Exercise 2. A 5-stage pipeline (Fetch, Decode, Execute, Memory, Writeback) is processing a stream of instructions. After the pipeline fills, one instruction completes per cycle. However, a branch misprediction flushes the pipeline, wasting cycles.

(a) If a program has 1000 instructions and 10% are branches with 80% prediction accuracy, how many pipeline flushes occur? (b) Each flush wastes 4 cycles (to refill the pipeline). How many extra cycles does this add? (c) What is the effective IPC if the ideal IPC is 1.0?

Solution to Exercise 2

(a) Branches: 1000 * 10% = 100 branches. Mispredictions: 100 * (1 - 0.80) = 20 pipeline flushes.

(b) Extra cycles: 20 * 4 = 80 extra cycles.

(c) Without mispredictions: 1000 cycles for 1000 instructions. With mispredictions: 1000 + 80 = 1080 cycles. Effective IPC = 1000 / 1080 = ~0.93. Branch mispredictions reduced performance by about 7%.

In real programs with more branches and deeper pipelines (15-20 stages in modern CPUs), misprediction penalties are much more severe. This is why branch prediction accuracy of 95%+ is critical for modern CPUs.


Exercise 3. A program runs 1 billion instructions. 30% are memory accesses, and 70% of memory accesses hit the L1 cache (4 cycles). The remaining 30% miss L1 and go to RAM (200 cycles). Non-memory instructions take 1 cycle each.

(a) Calculate the total cycles for non-memory instructions. (b) Calculate the total cycles for memory instructions (L1 hits + L1 misses). (c) What is the average CPI (cycles per instruction)? (d) On a 3 GHz CPU, how long does the program take to run?

Solution to Exercise 3

(a) Non-memory instructions: 1,000,000,000 * 0.70 = 700,000,000 instructions * 1 cycle = 700,000,000 cycles.

(b) Memory instructions: 300,000,000 total.

  • L1 hits: 300,000,000 * 0.70 = 210,000,000 * 4 cycles = 840,000,000 cycles
  • L1 misses: 300,000,000 * 0.30 = 90,000,000 * 200 cycles = 18,000,000,000 cycles
  • Total memory cycles: 840,000,000 + 18,000,000,000 = 18,840,000,000 cycles

(c) Total cycles: 700,000,000 + 18,840,000,000 = 19,540,000,000. Average CPI = 19,540,000,000 / 1,000,000,000 = ~19.5 cycles per instruction.

(d) Runtime = 19,540,000,000 / 3,000,000,000 = ~6.5 seconds.

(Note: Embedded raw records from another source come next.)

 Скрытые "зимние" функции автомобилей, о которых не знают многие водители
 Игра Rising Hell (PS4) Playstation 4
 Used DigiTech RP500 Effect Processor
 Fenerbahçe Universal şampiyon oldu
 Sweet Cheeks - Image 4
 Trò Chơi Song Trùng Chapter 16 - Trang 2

The L1 misses (only 9% of instructions) account for 92% of total cycles. This dramatically illustrates why memory access patterns dominate performance -- optimizing cache behavior is often more impactful than optimizing computation.

13. Summary

Concept Description
Clock Speed number of cycles per second
IPC instructions completed per cycle
Throughput clock speed × IPC
Pipelining overlapping instruction stages
Superscalar multiple instructions per cycle
Out-of-order execution dynamic instruction reordering
Branch prediction speculative execution of branches
Memory latency major cause of CPU stalls

Modern CPU performance results from the interaction of clock frequency, instruction throughput, and memory behavior.

In practice, programs often run slowly not because CPUs are slow, but because memory latency and inefficient instruction scheduling limit performance.

Exercises

Exercise 1. If a CPU has a clock speed of 3 GHz, how many clock cycles occur per second? How many nanoseconds does one cycle take.

Solution to Exercise 1

A 3 GHz clock produces 3 billion cycles per second. One cycle takes 1/3,000,000,000 seconds = approximately 0.33 nanoseconds.


Exercise 2. Explain why a higher clock speed does not always mean faster program execution.

Solution to Exercise 2

Performance depends on instructions per cycle (IPC) as well as clock speed. A CPU with lower clock speed but higher IPC (due to better architecture, wider execution units, or better branch prediction) can outperform a higher-clocked CPU. Memory latency, cache behavior, and instruction-level parallelism all affect real-world performance.